I dont know if I am an average home owner or not. I fertilize but I am on a budget too. I dont want my water running down the street – it cost me a lot of money for that water and the fertilizer that would take off down the street with it.
Here in Ontario we have passed a law that takes phosphorous out of our lawn fertilizer. Now there is a brain dead solution if I ever seen one. If you are not smart enough to purchase flower fertilizer with P in it or do not know a farmer who can get you some phos you find yourself adding more nitrogen and more lawn care pesticides and using even more water to maintain your lawn. Speaking for myself and for my average neighbour – we are part of the problem but we are also responsible water and nutrient managers too.

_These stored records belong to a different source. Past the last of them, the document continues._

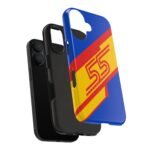 9974277843384647742_4096.jpeg Carlos Sainz CS55 Williams Helmet 2025 F1 Phone Case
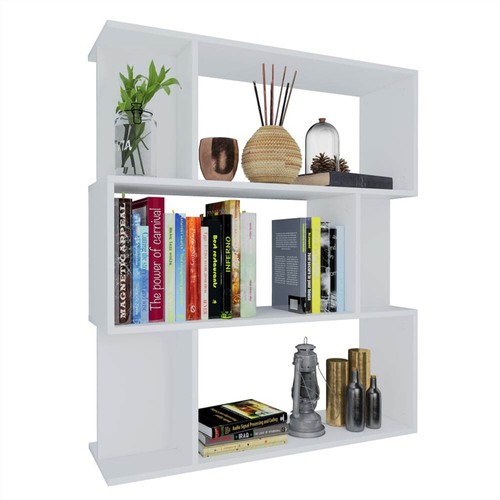 Bücherschrank / Raumteiler Weiß 80x24x96 cm Spanplatte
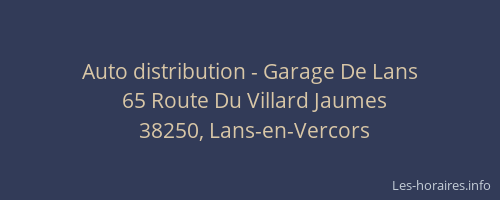 Auto distribution - Garage De Lans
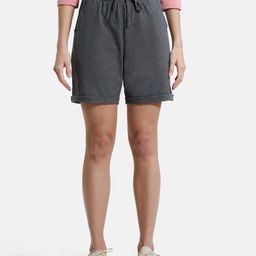 Jockey Women Grey Cotton Lounge Shorts-image-65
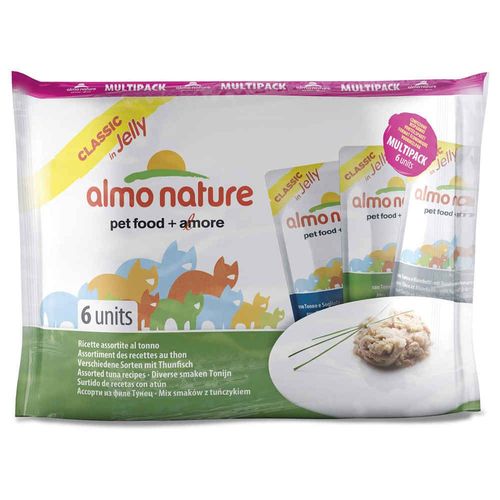 Almo Nature - Sachets Classic Multipack En Gelée Au Thon Pour Chat - 6x55g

What? Talk about deflection! Those “environmentalists” are objecting to giving money to farmers for cleaning up the pollution coming from those farmers’ operations. Tax the fossil fuel fertilizers. Reform drainage districts. Look to Nebraska or Minnesota for watershed district templates. You on mainstreet Carroll Iowa, you take care of your own pollution too, as should the farmers take care of their own. Signed, a farm owner from Ida County.

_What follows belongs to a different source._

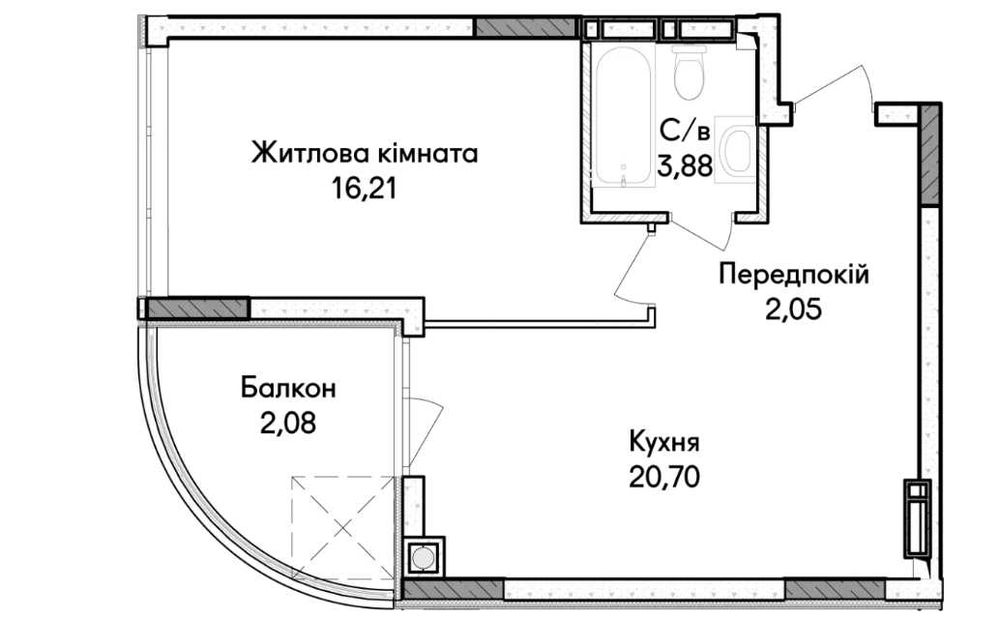 Квартира на Синергія Сіті в Києві, ID 339067, фото №6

Those who want no tax dollars going toward rural pollutions reduction assistance ought not to be tripping the levers in the restroom as the treatment works for that waste was heavily subsidized.
I have made several attempts to get a residential waste water recycling program going in the city I live in. Other than the toilet water we could easily and affordably recycle all of our other water consumption and it could be utilized for washing our vehicles, buildings, clothes, floors, watering lawns and gardens. The city opposes the suggestion because the reduced water use would severely impact the revenues needed to maintain our water and sewage systems. Economics trumps environmental responsibility and prevents us from making significant impacts with simple changes.

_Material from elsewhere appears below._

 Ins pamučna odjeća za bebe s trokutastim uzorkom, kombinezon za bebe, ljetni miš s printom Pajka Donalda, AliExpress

Jim, yes economics often trumps good stewardship regardless of the setting. Thanks for the comment.
Jim, thank you for pointing that out. There has to be a better way of getting that done.
Another way that residents of Iowa towns and cities could help water quality would be to request strong local ordinances to control soil erosion on development areas, with enough funding and staff for enforcement. That’s especially needed in growth areas like Central Iowa. Alas, it’s usually not hard in spring to find eroding construction sites. The badly-placed low mesh fences that are flattened and buried by avalanches of soil deserve bigger penalties than they often get.
I agree that urban construction zones have significant impacts on water quality. We need better protection for urban areas while they are under construction.